伝道の書12章・霊がまことの神のもとに帰るとは?(新世界訳)

「そのとき,塵はかつてそうであったように地に帰り,霊もこれをお与えになった[まことの]神のもとに帰る。」(伝道の書12:7) 


 伝道の書12章1節には、若い日に創造者を覚えるようにと勧められていて、2節から6節までには、そうする理由として老齢に伴う様々な諸症状が列挙されています。そして、7節には老化して最後に死ぬ時、どうなるかということが述べられています。では、霊がまことの神のもとに帰るとは、意識ある霊魂が死んだ時、神のもとに行くことを意味しているのでしょうか。考えてみましょう。
 

 続く伝道の書12章8節には、「『何とむなしいことか!』と召集者は言った,『すべてのものはむなしい』と。」と述べられています。ですから、伝道の書の筆者は、死んだ時に人間に起こることがむなしい残念なことであると述べています。もし、仮に死んだとしても、不滅の霊魂が残り、文字通り神のもとに帰り、死んでも意識が続いているのなら、伝道の書の筆者はこのようにむなしいとは述べなかったのではないでしょうか。そうではなく、人は死んだ時に地の塵に戻り無存在になるので、伝道の書の筆者は「むなしい」と述べたのではないでしょうか。 
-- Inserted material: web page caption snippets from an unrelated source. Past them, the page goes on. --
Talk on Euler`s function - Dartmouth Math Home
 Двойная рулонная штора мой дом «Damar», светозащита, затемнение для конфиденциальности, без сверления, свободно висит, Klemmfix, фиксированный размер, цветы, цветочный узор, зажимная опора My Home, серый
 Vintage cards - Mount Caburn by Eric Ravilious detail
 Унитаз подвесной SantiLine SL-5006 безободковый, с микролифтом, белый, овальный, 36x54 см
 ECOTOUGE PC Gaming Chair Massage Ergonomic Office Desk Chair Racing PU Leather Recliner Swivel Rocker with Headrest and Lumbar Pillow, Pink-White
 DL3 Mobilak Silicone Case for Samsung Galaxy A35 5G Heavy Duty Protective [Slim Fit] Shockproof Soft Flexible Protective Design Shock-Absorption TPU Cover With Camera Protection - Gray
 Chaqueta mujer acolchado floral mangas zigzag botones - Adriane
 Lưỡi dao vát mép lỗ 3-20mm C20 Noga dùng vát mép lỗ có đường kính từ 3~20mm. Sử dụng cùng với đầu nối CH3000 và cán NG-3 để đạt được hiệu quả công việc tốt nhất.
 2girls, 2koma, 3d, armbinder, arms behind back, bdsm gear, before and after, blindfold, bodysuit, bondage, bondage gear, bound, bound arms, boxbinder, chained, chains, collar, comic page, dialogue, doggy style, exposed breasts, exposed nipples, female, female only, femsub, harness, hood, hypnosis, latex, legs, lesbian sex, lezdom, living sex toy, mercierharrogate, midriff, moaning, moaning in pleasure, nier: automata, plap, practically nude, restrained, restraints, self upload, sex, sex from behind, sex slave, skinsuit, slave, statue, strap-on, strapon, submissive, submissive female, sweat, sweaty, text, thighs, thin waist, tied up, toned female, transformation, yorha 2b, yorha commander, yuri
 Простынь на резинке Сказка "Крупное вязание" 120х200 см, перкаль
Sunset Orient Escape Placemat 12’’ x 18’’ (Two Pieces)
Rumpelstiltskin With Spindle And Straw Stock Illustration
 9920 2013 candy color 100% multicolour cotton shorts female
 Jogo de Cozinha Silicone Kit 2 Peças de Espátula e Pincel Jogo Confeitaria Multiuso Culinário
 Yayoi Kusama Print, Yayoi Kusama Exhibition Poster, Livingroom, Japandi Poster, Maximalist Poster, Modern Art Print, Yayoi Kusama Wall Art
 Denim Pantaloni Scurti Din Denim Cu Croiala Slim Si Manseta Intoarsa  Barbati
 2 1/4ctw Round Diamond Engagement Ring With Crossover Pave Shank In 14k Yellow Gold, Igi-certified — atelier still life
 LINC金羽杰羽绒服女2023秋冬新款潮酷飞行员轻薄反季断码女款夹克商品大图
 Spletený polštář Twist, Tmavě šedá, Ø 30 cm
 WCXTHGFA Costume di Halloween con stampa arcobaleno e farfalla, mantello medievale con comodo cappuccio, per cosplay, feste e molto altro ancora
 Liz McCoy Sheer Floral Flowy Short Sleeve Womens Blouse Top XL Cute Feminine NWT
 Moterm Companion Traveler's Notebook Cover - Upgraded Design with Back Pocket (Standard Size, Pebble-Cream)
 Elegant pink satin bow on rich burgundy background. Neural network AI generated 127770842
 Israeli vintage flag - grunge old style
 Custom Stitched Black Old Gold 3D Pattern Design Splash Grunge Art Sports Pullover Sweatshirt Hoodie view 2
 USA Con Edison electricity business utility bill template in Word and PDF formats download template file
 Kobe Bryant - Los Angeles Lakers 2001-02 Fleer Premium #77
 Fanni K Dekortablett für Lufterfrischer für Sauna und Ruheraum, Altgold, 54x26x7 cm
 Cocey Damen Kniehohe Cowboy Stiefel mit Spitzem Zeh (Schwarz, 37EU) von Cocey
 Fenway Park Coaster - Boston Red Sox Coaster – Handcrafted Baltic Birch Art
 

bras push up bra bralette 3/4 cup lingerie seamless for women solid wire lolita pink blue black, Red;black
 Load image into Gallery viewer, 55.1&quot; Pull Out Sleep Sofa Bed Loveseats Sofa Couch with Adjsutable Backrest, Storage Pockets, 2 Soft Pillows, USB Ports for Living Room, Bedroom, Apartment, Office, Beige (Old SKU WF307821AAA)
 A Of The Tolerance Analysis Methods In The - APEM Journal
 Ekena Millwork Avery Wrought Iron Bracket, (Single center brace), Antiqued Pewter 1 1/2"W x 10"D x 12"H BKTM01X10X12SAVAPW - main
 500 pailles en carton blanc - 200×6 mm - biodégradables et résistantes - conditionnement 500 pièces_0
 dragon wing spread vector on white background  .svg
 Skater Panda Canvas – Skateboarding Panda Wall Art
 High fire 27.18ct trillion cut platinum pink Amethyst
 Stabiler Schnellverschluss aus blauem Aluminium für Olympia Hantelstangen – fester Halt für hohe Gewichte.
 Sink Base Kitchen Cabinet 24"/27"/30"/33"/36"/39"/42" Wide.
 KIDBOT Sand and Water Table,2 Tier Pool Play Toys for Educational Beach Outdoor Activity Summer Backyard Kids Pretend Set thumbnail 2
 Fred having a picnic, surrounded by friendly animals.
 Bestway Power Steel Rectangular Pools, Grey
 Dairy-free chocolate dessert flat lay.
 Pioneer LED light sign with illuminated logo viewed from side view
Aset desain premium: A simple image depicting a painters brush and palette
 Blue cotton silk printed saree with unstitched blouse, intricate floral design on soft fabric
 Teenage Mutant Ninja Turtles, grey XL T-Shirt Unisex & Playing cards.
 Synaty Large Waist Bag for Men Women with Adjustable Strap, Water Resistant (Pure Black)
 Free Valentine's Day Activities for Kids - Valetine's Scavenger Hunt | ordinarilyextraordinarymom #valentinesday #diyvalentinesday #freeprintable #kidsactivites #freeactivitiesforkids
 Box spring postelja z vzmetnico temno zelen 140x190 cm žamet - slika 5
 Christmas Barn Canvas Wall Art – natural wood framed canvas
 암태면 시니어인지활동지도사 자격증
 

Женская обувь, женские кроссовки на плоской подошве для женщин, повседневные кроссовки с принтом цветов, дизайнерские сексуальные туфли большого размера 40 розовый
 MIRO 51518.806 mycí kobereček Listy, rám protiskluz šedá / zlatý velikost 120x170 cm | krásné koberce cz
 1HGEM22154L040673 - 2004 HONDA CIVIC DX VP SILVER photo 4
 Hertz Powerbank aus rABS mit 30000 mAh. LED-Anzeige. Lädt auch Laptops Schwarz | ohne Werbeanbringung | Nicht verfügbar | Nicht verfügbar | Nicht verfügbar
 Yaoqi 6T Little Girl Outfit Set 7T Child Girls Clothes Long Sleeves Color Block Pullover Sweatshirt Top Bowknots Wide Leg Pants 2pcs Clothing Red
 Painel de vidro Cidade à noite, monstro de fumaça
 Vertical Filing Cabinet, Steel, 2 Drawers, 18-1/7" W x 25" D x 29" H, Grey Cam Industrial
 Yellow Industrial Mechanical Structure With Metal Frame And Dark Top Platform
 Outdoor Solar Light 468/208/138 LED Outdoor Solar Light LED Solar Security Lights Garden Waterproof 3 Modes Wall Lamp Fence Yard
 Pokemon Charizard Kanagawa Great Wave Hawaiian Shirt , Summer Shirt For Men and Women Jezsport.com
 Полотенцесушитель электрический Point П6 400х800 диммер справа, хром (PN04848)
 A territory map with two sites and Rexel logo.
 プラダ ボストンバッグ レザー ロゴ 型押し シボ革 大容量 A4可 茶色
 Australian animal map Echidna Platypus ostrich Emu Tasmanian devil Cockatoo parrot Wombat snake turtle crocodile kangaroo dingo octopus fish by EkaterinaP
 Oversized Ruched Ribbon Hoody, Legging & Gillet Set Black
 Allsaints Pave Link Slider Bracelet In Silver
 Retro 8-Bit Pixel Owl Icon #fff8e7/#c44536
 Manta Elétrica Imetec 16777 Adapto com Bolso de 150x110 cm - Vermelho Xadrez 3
 詩篇146編4節にも、人間が死んだ時に何が起きるかが次のように記されています。「その霊は出て行き,彼は自分の地面に帰る。その日に彼の考えは滅びうせる。」それで、死んで地面に帰る時に、考えは滅びるつまり意識は無くなると述べられています。この聖句では単に、霊が出て行くと述べられています。ですから、この「霊」は、死んでも存続する霊魂を意味しているわけではありません。


 霊とは、その語が人間に関連して用いられる場合、人間の身体に働く生命力を表わしています。生命力はもともと神を源としています。生命力は、最初に神がアダムに与えました。アダムからエバが造られ、その後のアダムの子孫は、アダムとエバの生命力を生殖の時に受け継ぎます。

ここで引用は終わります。